*What is needed*.
Retype the lines below exactly, but only those from the line that has "Intuitives Display zum" through the line that has "Cartoon Car Pillow". Omit every picture.

*Material supplied*.
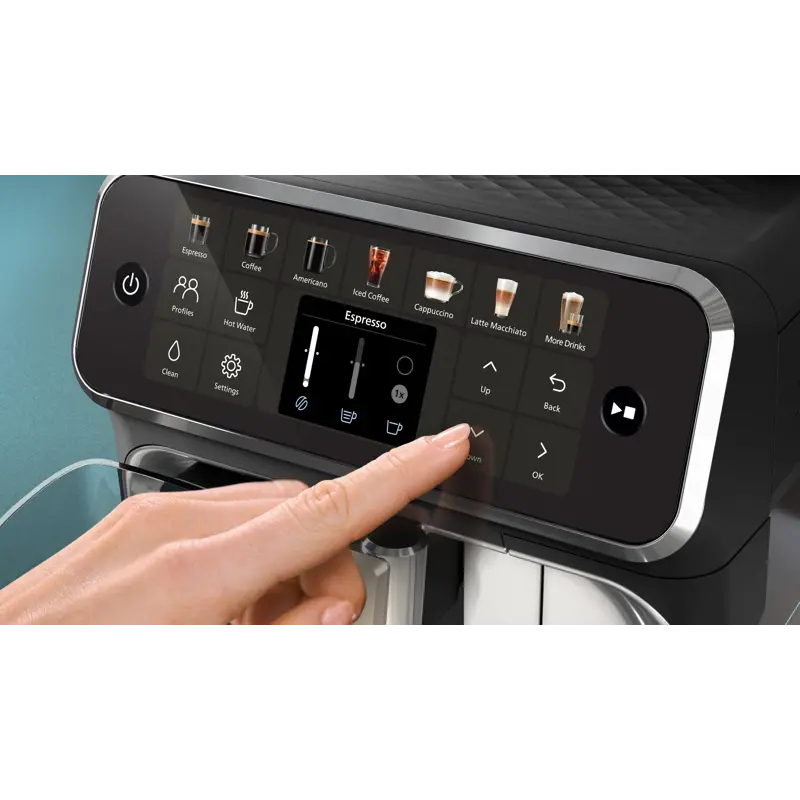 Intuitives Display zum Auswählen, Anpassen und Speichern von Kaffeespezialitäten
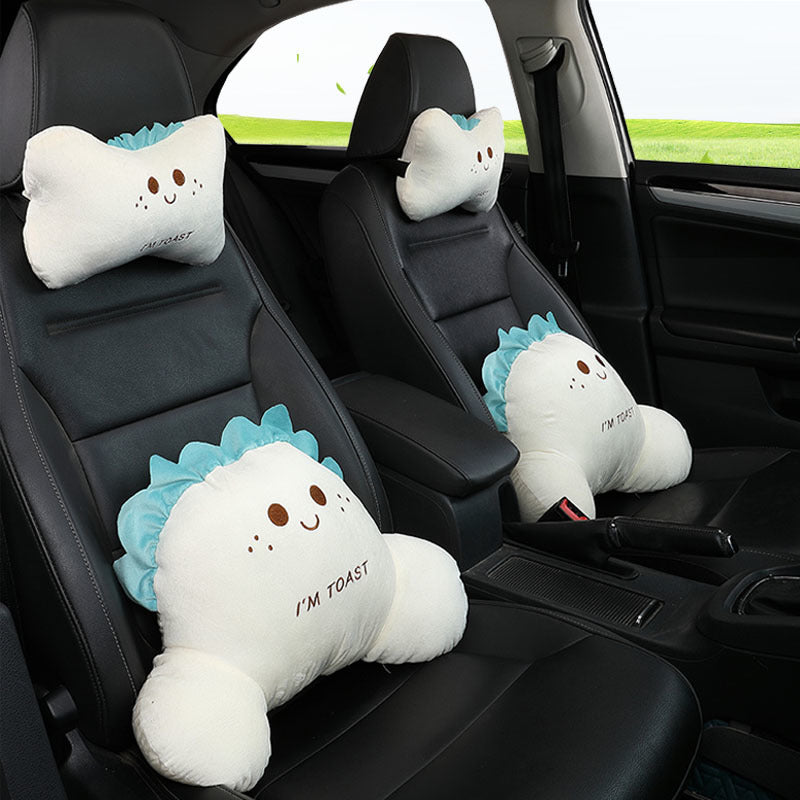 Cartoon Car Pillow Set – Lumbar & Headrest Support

...

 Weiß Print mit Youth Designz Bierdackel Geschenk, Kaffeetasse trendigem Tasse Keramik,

*Your response*.
 Intuitives Display zum Auswählen, Anpassen und Speichern von Kaffeespezialitäten
 Cartoon Car Pillow Set – Lumbar & Headrest Support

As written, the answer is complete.